I was skeptical of this method at first until I realized that it was a better way to scaffold the lesson. Present one concept at a time, that will build on prior knowledge. Practice it until it becomes second nature and they will naturally look for a shortcut. We humans are mighty efficient like that.

I taught one concept but we were really practicing three rules:  power to a power, product to a power, and the distributive property. My coach is a big fan of sorting. I made a set of 18 cards, 3 groups of 6 that represented each rule.

Product to a Power

Distributive Property

Power to a Power

These are index cards (my favorite!) cut in half by the way. So each group had the same cards and they were all mixed up of course. The students were instructed to spread them all out and then begin sorting into piles.

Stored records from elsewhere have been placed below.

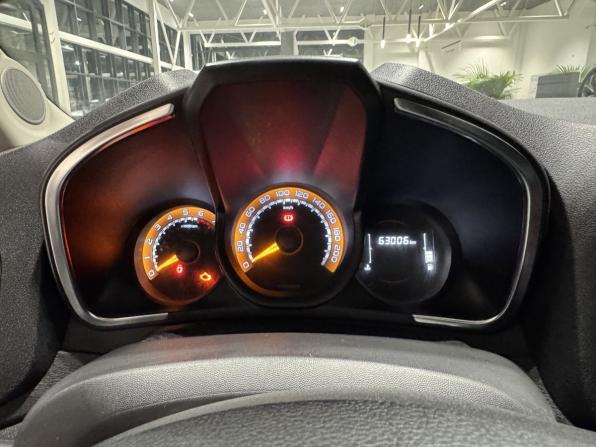 Lada (ВАЗ) XRAY I с пробегом 2021 года, цена 1 027 800 рублей, 62794 км, хэтчбек, Автокод Объявления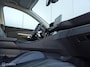 Peugeot 3008 1.2 PURETECH ALLURE/LEDER/LED/19''LMV/PARELMOER/CARPLAY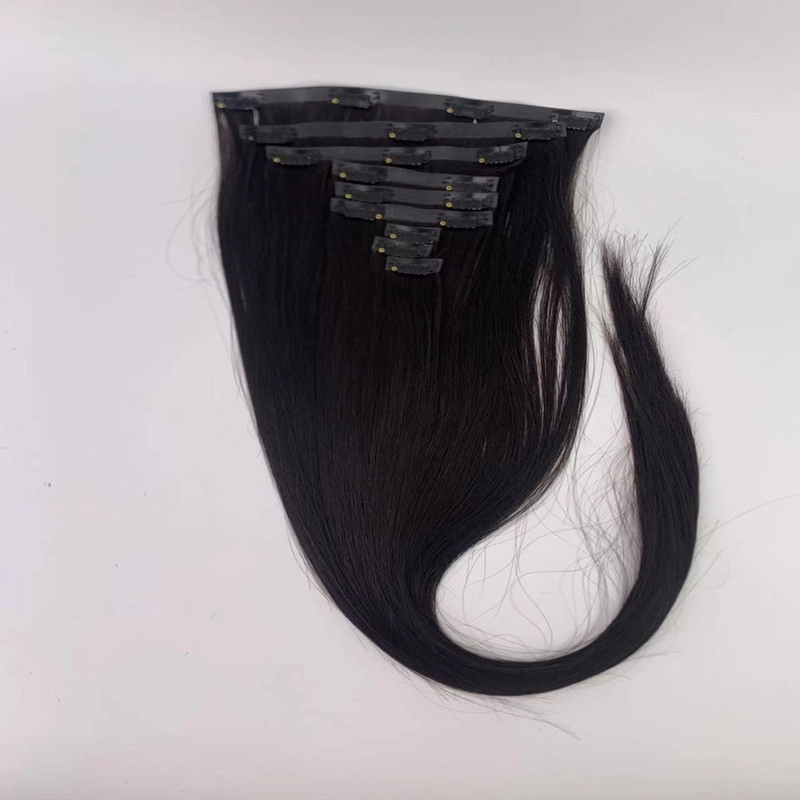 Brazilian-virgin-Natural-pu-clip-in-hair-extensions-for-black-women (2).webp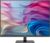 MSI - Modern MD272UPHG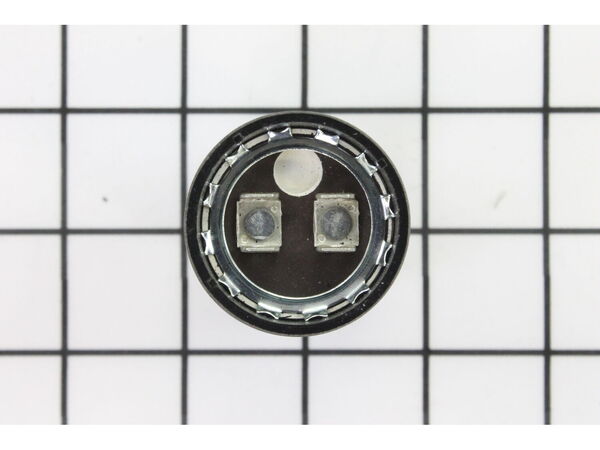 10238934-1-M-Craftsman-STD376124-Capacitor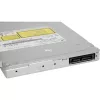 Sisäinen DVD-RW-polttava asema 12,7 mm SLIM GTC2N BULK / HITACHI-LG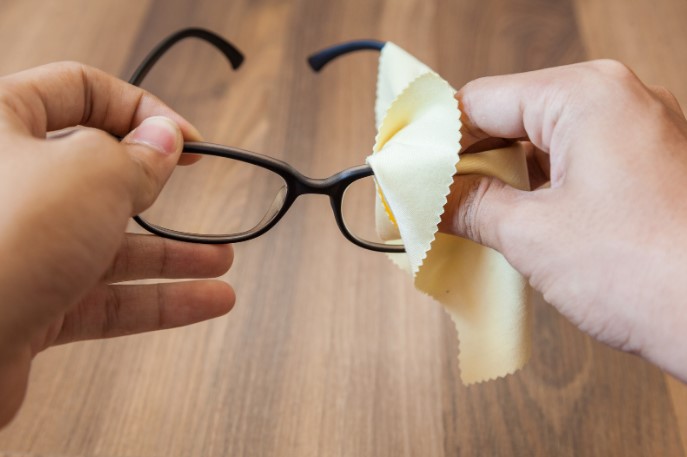 Как выбрать салфетки для оптовой закупки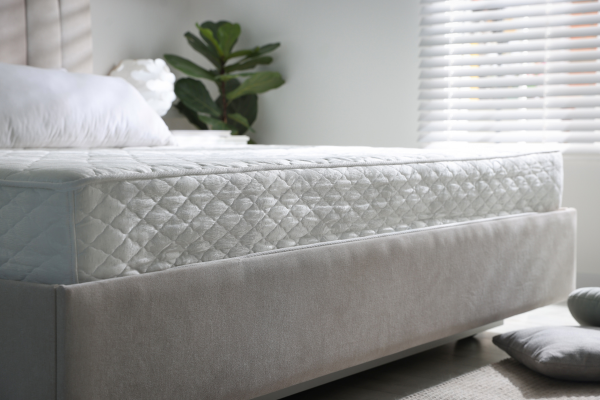 mua đệm bông ép tại Bắc Giang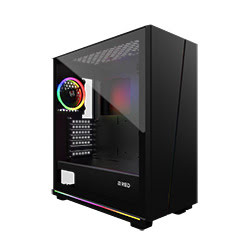 M.RED Kit Upgrade PC MAGASIN EN LIGNE Cybertek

I did not give any parameters to sort by. In every class, without fail, my top students' team quickly sorted them by color. I then charged them with the question, "If I am asking you to sort them, do you think I would have color coded them for you?"

If teams were really struggling, I told them they should have 3 piles. A lot of teams sorted them by sets of parentheses which works for the power to a power group but not the other two. Every single group mistook two of the distributive property cards because they were written backwards compared to every other one in the group.


See above. (4x + 7)(-2x) and (2x - 5)(-4x) look different and so students put them into the product to a power group. I guided them to look inside the parentheses and see what's happening. From there they realize the distributive property means there will be addition and subtraction.

Once students had them correctly sorted, they distributed the cards evenly among themselves (some from each group) and then solved them. Depending on quickly the group got done, students could rotate cards and work more problems.

Each card had a letter on the back. Students wrote the letter next to their solution so that we could check the answers.


Students tried to sort by alphabetical order but that only created one big group. :) They also tried to sort by what 'looked' easy, medium, hard or problems that looked short, medium, or long. Also some tried to  group based on how many negatives or positives in the problem and even how many exponents existed.

Checking answers was super simple.


My whole goal was for them to know when to use each rule/shortcut/property. By asking students to sort, we are kicking it up a notch higher in Bloom's Taxonomy or DoK and hopefully making them think. The more I am less helpful, the more opportunity for students to construct their own meaning.